# Craig powerplay v505 speaker wiring?



## ludude1975 (Jun 29, 2012)

I have recently acquired a old Craig V505 amplifier / equalizer and I was wanting to test it out but cannot figure out the wiring colors. 

The obvious two are the red / white stripe with fuse and black wire which I'm sure are power and ground. 

The others I'm stumped. There's a round plug with red, black, blue, grey, white, green and brown wires coming out of it. It's so old there are no RCA inputs so these 7 wires have to be inputs and outputs. I've been searching for manuals but only found someone that want's $29 for a service one on eBay. 

Any very old school recollections of wiring one of these?


----------



## milburyl (Feb 23, 2014)

ludude1975 said:


> I have recently acquired a old Craig V505 amplifier / equalizer and I was wanting to test it out but cannot figure out the wiring colors.
> 
> The obvious two are the red / white stripe with fuse and black wire which I'm sure are power and ground.
> 
> ...


Can you take some pictures of the harness and plugs?
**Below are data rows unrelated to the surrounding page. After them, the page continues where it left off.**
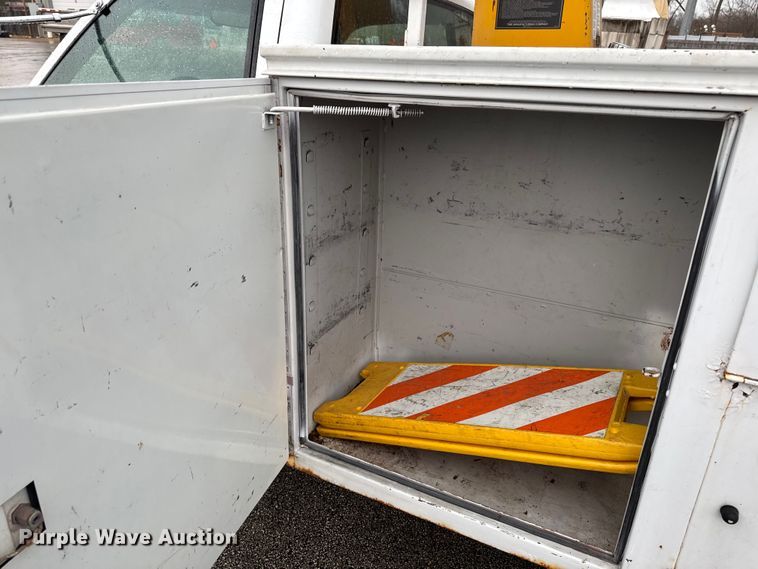 image for item EQ5004 1997 Chevrolet C3500 bucket truck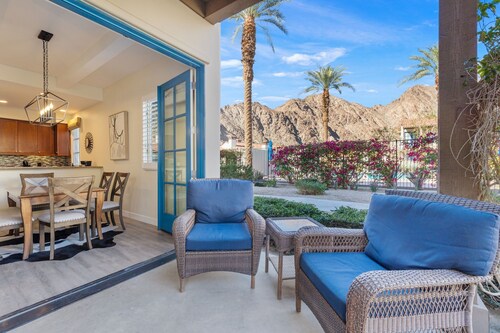 Poolside! Renovated Poolside Villa next to sparking pool/spa, Pet Friendly! - Ground Floor (L40)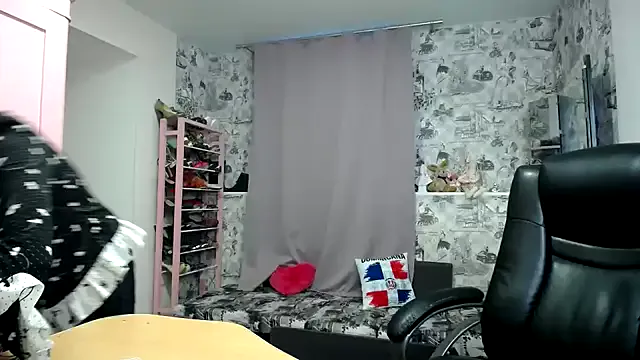 Helen1974 on StripChat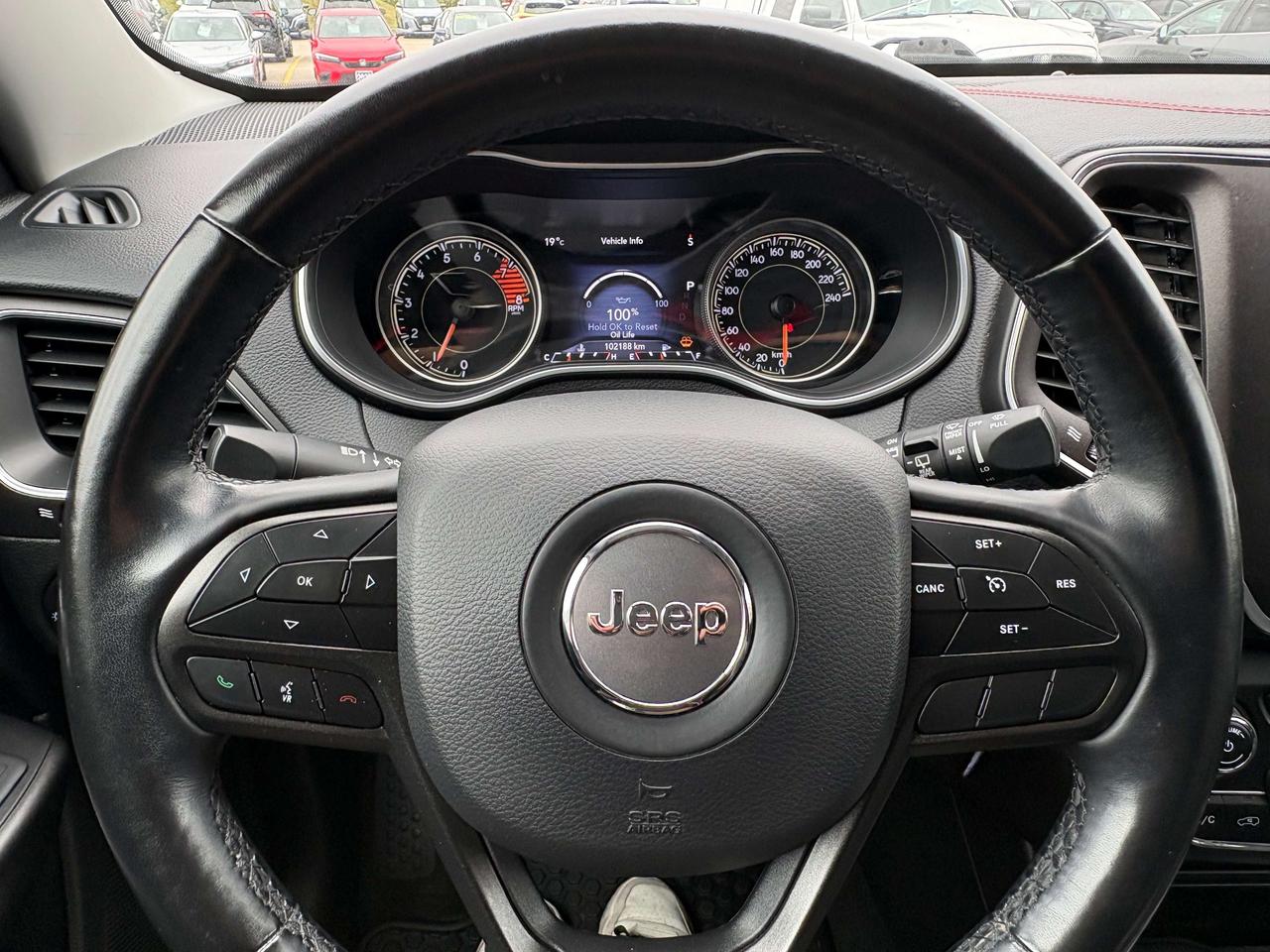 2020 Jeep Cherokee Trailhawk 4x4   Clean Carfax Photo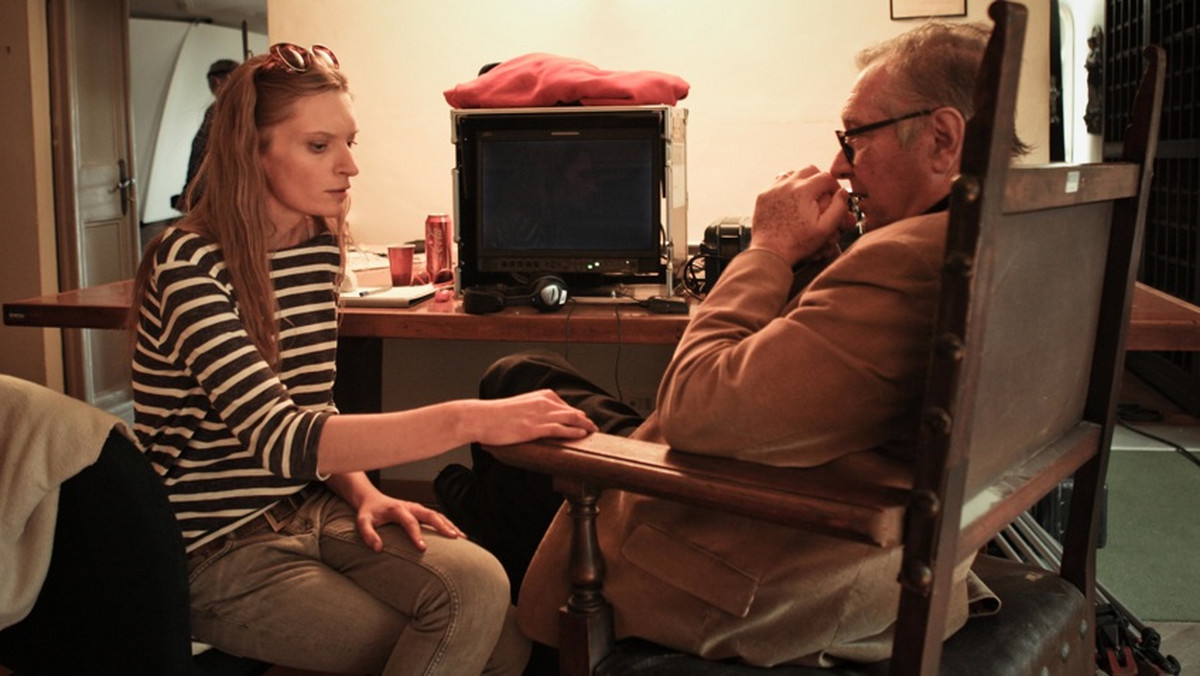 W sobotę 13 kwietnia zakończyła się we Włoszech pierwsza część zdjęć do nowego filmu Krzysztofa Zanussiego pt. "Obce ciało". Na planie w Ankonie spotkali się Agata Buzek oraz włoski aktor Riccardo Leonelli.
And of the complete back of it?


----------



## ludude1975 (Jun 29, 2012)

Don't know if I'm uploading this right but I attached some pictures.


----------



## milburyl (Feb 23, 2014)

ludude1975 said:


> Don't know if I'm uploading this right but I attached some pictures.


i would guess that starting from one side of the round plug, the first 4 wires would be your left and right inputs of positive and negative, the top of the plug is a common ground for the ouputs?(black wire) and the next 2 wires would be the front left and right +, and next 2 wires are the rear left and right +. Im just guessing here though.


----------



## milburyl (Feb 23, 2014)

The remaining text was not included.